Muitas coisas. Tem a ver com o produto, com a técnica, com a sustentabilidade. Sustentabilidade virou uma tendência, mas, na maioria dos casos, há pouca verdade por trás do modo como vem sendo praticada. A excelência também tem a ver com uma cozinha mais saudável. Quando digo isso, não falo de dieta, mas de saúde. Uma cozinha que não tenha muito sal, nem muita gordura. No DiverXO, nos últimos quatro anos, tiramos uma porcentagem significativa do sal e da gordura. A excelência sobretudo tem a ver com as coisas bem-feitas. Seja na cozinha ou no salão. Muitas vezes um bom prato mal servido e mal explicado pode parecer um prato normal.
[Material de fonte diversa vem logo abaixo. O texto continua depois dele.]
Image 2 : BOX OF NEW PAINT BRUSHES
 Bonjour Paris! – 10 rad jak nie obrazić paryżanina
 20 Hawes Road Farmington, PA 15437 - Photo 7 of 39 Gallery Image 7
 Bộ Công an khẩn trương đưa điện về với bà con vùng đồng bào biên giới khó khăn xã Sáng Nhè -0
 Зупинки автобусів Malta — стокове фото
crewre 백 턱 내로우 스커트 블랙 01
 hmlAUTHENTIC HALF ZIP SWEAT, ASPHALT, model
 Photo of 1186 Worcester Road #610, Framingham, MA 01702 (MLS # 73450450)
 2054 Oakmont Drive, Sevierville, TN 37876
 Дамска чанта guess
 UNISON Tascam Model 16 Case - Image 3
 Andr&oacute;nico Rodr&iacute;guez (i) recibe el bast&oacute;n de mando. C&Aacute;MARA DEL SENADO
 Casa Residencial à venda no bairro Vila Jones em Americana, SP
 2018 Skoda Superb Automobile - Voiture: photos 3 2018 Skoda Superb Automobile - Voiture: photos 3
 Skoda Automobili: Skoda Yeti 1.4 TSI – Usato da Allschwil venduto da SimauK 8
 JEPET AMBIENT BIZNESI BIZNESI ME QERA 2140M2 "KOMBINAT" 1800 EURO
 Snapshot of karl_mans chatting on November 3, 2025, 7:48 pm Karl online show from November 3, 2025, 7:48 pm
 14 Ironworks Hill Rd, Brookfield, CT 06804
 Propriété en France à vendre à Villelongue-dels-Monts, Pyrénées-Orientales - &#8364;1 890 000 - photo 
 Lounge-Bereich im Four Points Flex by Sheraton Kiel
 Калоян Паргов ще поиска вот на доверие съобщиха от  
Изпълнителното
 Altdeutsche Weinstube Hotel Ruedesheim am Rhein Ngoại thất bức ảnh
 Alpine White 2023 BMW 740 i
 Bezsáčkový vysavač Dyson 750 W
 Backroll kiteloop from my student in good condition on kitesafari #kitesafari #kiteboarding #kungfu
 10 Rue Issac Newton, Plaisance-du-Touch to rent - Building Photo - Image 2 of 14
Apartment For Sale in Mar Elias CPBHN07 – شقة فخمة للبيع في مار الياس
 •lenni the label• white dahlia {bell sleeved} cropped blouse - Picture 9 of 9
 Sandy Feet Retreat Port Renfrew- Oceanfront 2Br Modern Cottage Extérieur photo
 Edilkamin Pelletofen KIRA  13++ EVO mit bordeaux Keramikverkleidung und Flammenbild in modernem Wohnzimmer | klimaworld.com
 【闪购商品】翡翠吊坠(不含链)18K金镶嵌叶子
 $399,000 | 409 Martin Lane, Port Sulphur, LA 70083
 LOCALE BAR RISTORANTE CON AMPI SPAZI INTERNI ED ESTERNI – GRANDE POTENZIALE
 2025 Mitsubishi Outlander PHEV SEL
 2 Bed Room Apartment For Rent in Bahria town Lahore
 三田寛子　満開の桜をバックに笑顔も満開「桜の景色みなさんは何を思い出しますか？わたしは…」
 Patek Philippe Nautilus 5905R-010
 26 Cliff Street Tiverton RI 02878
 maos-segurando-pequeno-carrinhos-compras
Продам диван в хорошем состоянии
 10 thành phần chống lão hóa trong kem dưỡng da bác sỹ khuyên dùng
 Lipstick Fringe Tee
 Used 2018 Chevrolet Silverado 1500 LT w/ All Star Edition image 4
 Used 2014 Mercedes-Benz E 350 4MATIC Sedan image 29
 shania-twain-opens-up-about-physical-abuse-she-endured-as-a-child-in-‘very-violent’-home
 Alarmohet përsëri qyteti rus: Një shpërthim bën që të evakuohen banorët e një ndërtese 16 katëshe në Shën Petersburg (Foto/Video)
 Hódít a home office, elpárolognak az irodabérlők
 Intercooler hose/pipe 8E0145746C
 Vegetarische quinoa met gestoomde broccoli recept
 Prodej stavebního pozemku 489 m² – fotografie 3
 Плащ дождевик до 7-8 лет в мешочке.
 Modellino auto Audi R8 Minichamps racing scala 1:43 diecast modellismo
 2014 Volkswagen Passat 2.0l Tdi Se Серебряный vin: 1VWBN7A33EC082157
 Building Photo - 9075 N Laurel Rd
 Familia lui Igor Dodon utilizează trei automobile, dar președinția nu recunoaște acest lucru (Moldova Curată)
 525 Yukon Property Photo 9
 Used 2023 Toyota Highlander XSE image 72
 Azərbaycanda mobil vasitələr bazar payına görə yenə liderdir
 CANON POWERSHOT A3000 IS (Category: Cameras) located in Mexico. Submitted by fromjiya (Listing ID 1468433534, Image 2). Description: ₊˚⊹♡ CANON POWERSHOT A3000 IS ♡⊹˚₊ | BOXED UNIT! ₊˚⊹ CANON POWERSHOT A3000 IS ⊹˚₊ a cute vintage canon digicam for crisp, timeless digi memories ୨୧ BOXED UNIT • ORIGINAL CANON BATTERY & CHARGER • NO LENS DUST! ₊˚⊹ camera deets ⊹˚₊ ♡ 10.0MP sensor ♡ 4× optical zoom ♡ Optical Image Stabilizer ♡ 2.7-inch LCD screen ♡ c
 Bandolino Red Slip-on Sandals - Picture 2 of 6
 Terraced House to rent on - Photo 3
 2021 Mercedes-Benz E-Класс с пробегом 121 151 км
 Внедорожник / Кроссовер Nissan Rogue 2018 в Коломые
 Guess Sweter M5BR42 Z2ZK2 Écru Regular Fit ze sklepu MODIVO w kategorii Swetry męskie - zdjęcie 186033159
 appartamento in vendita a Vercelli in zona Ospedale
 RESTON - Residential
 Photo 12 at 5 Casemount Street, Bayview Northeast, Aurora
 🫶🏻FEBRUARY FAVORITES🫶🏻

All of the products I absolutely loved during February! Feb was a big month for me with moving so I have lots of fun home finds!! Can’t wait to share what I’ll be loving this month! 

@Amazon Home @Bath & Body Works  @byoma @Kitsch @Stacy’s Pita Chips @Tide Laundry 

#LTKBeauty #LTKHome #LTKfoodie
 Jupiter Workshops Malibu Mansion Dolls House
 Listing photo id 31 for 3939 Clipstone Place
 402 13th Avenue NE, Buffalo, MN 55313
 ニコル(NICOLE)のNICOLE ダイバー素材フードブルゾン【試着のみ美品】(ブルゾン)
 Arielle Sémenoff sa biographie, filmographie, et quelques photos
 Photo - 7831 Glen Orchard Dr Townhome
Já um prato normal, bem servido e bem explicado, pode parecer um prato muito bom.
Por que a escolha do Corte Inglês como parceiro?
Há uns anos o diretor de comidas e bebidas me procurou para dizer que estavam criando o Gourmet Experience na loja de departamentos e me chamou para abrir um restaurante lá. Fiquei na dúvida, porque na época, o Corte Inglês era um centro comercial para pessoas mais velhas. Não atraía gente jovem. Ele me convenceu e nós fomos o primeiro restaurante de lá. Foi um sucesso. Tínhamos um corner com a música a todo o volume e os clientes antigos se queixavam. Mas tínhamos liberdade. Hoje, estamos em dois endereços. É uma marca potente da Espanha, que tem se modernizado muito e acho que faremos mais coisas juntos.
Qual será a próxima revolução culinária?
Não sei. Ultimamente tenho ouvido falar que não há mais nada para descobrir.... Não é verdade, há muito ainda a ser descoberto. De qualquer forma, não podemos dizer que existem oito vanguardas culinárias por vez. Porque vanguarda pode existir uma, duas ou três. Este ano abriremos um novo DiverXO, em um bosque, a 20 minutos de Madri. Nossa intenção é que seja o melhor restaurante da história -- o mais criativo, o mais único, o mais disruptivo. Colocaremos todas as nossas energias para redefinir o DiverXO e deflagar uma nova revolução.